> [Exercise aim] What is needed is every line from the one holding "Магнитная доска с" to the last line of the data below, printed exactly and without pictures.

> [Dataset extract]
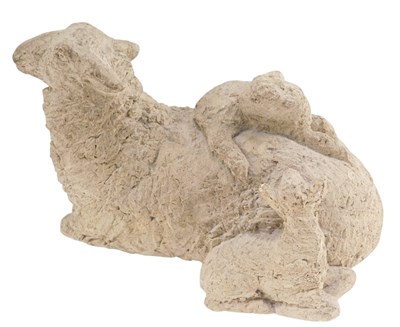 Lot 502 - Juliet Simpson. Lying Ewe with Lambs, studio...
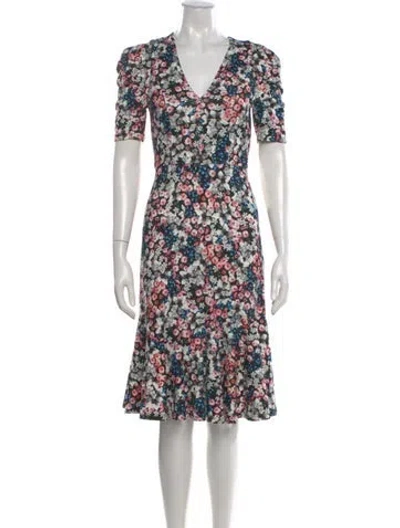 Pre-owned Erdem Floral Print Knee-length Dress In Gray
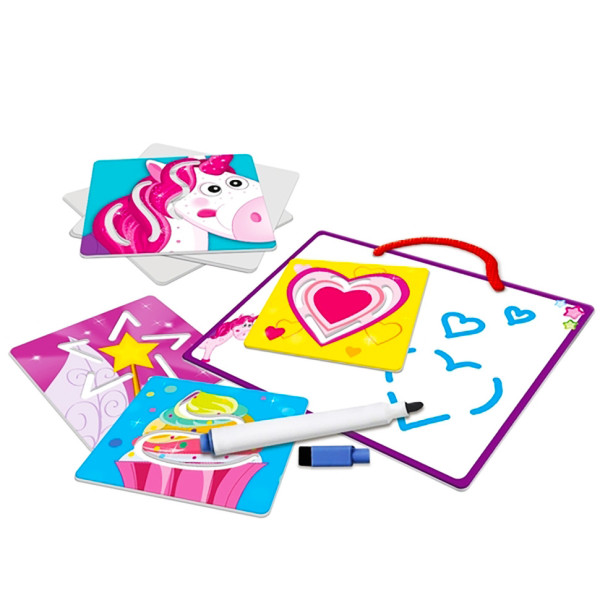 Магнитная доска с трафаретом "Пиши-вытирай. Единороги" Vladi Toys VT3601-15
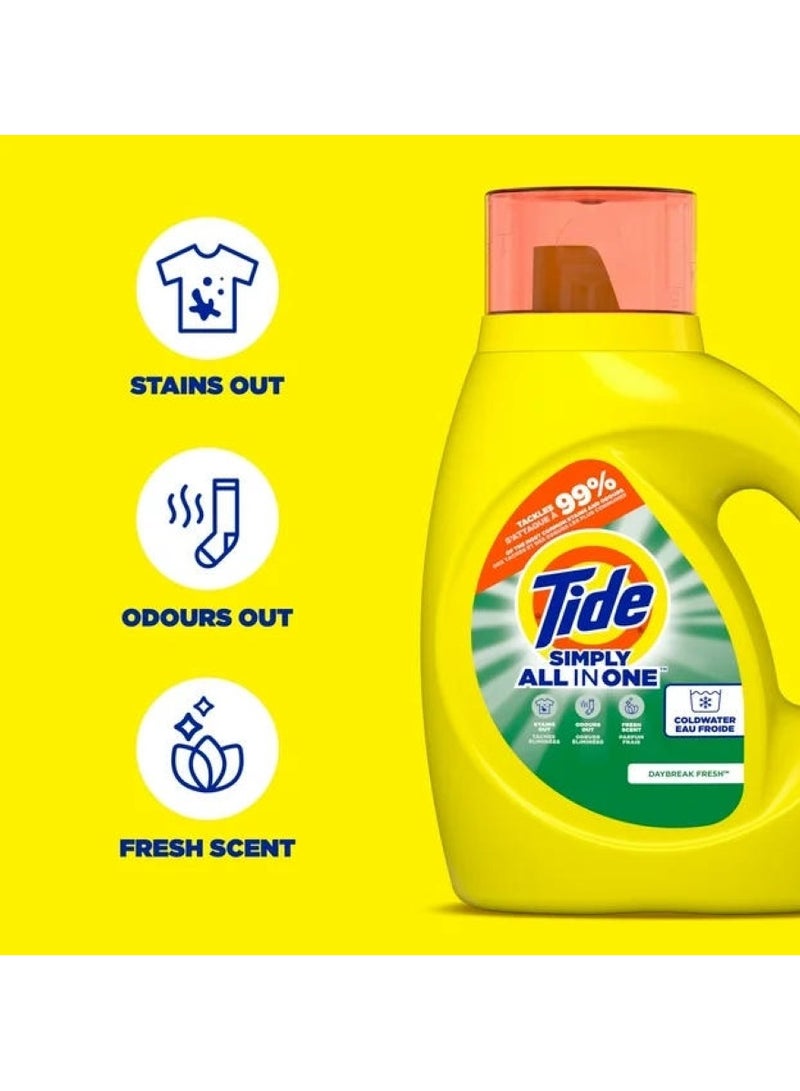 Tide Simply All In One Liquid Laundry Detergent 64 Loads Daybreak Fresh 2.72 L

> [Task response]
 Магнитная доска с трафаретом "Пиши-вытирай. Единороги" Vladi Toys VT3601-15
 Tide Simply All In One Liquid Laundry Detergent 64 Loads Daybreak Fresh 2.72 L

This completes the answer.